The Riemann tensor transforms under a coordinate transformation as $R'^\sigma_{ \ \rho \mu \nu}=(S^{-1})^\sigma_\alpha S^\beta_\rho S^\gamma_\mu S^\delta_\nu R^\alpha_{ \ \beta \gamma \delta}$ which means its components in the new coordinate system are linear combinations of its components in the old coordinate system. So if the components are all zero in the old coordinate system, they'll also be zero in the new coordinate system. That's why you only need to prove they're zero in only one coordinate system to prove that the space is flat.

 

[Orodruin]

To add to Shyan's reply, this is true for any tensor. If it is zero in one set of coordinates, it is zero in all coordinates.

 

[Markus Hanke]

As Shyan and Orodruin have already pointed out, the proof lies in the fact that Riemann is a tensor.
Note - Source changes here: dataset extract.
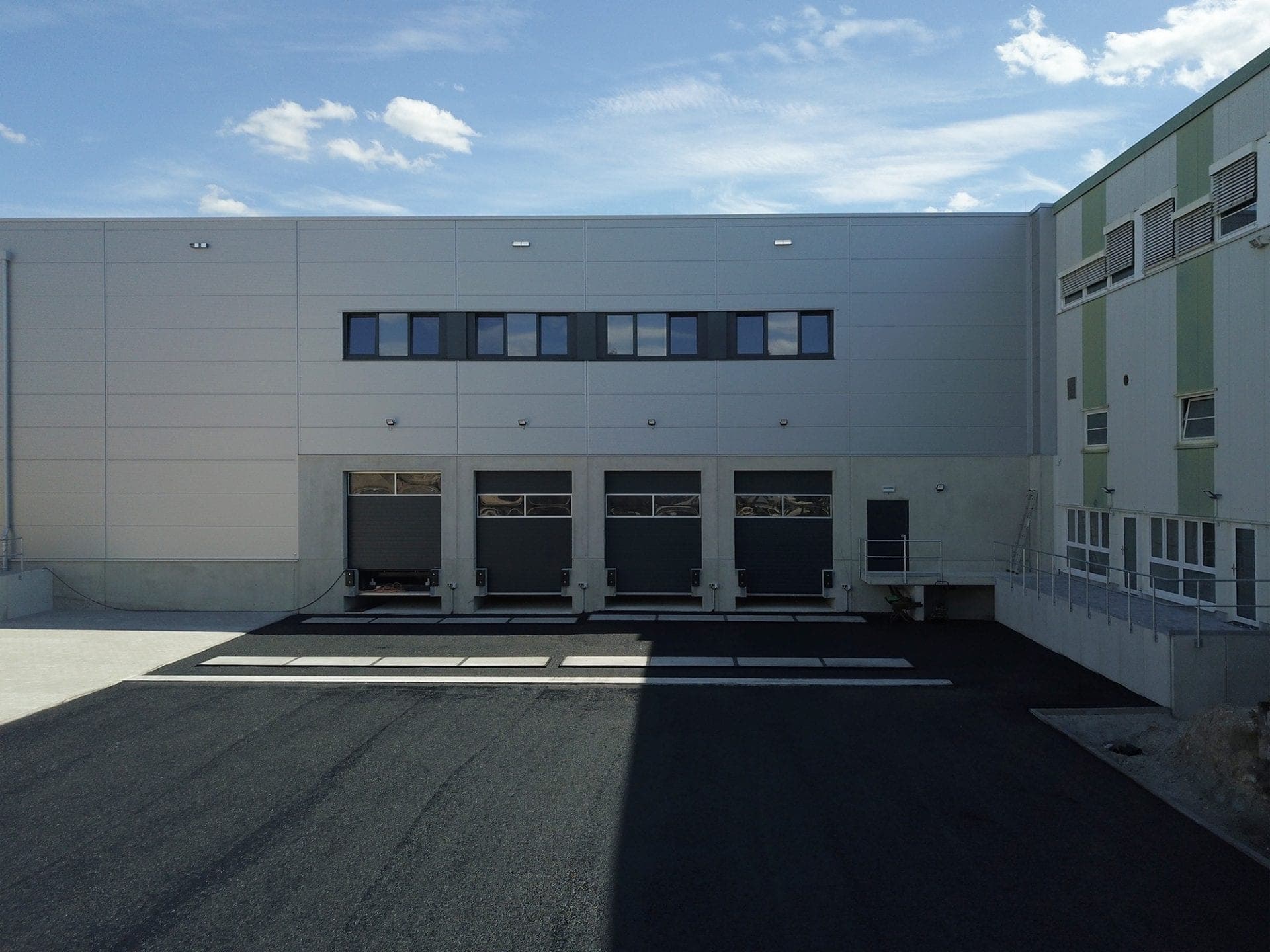 Four lorry loading docks with a strip of windows above and the adjoining existing building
As geometric objects, tensors are by their nature and definition independent of the choice of coordinate basis - if you perform a transformation into a different coordinate system, then the expressions for each individual component of the tensor may change, but the relationships between the various components will not, meaning the overall geometric object remains the same.

In a perhaps more tangible sense, a change in coordinates just signifies that you choose to label the same events in spacetime in a different way - and since labels are completely arbitrary, these events will still remain related in the same ways, so the overall geometry cannot change simply by your act of "re-labelling". Therefore, you need to calculate Riemann only once, in any suitable coordinate system of your choice, and the result ( flatness or not ) will be applicable for all other equivalent choices of coordinate basis as well.
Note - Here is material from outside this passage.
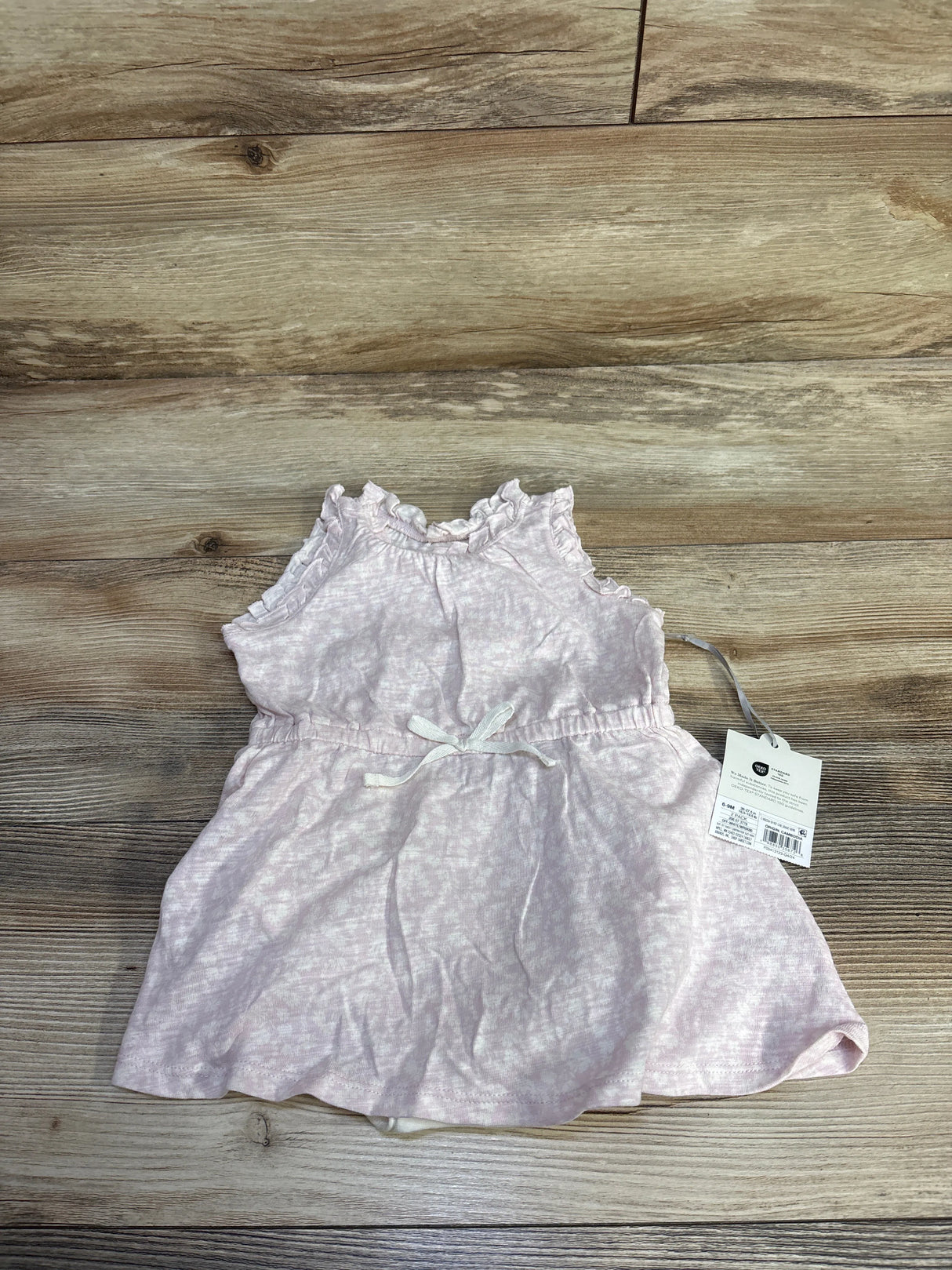 Top-down view of Cloud Island pink 2-piece baby tank dress with matching bloomers, ruffled shoulders and waist bow on light wood background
That is the beauty of tensors.

 

[pervect]

I'd like to add a few more comments on the notion of a tensor. If one views a tensor in an abstract, coordinate-free manner, one says that tensors are "independent of the coordinates" - the tensor is regarded as an abstract entity that is independent of the specific coordinates used to express it.

If one views a tensor as as a multi-dimensional array of numbers (which are called the components of the tensor), then the numbers (or components) that make up the tensor do change when one changes coordinates. However, in order for a tensor to be a tensor, these numbers must change (transform) in a specific, standardized manner. One can find a brief and rather terse summary of how a tensor must transform in the above posts, or look up a detailed account elsewhere. A very short summary that gets the essence is that a tensor must transform as a multi-dimensional linear array. Given the transformation equations, one can prove (as several posters have already done) that a tensor that has all zero components in one coordinate system must also have all zero components in any other coordinate system. This result basically follows from the linearity of the transformation.

Not every quantity is a tensor - tensor quantities are very special in the simplicity of how they transform, a simplicity which makes them special and useful.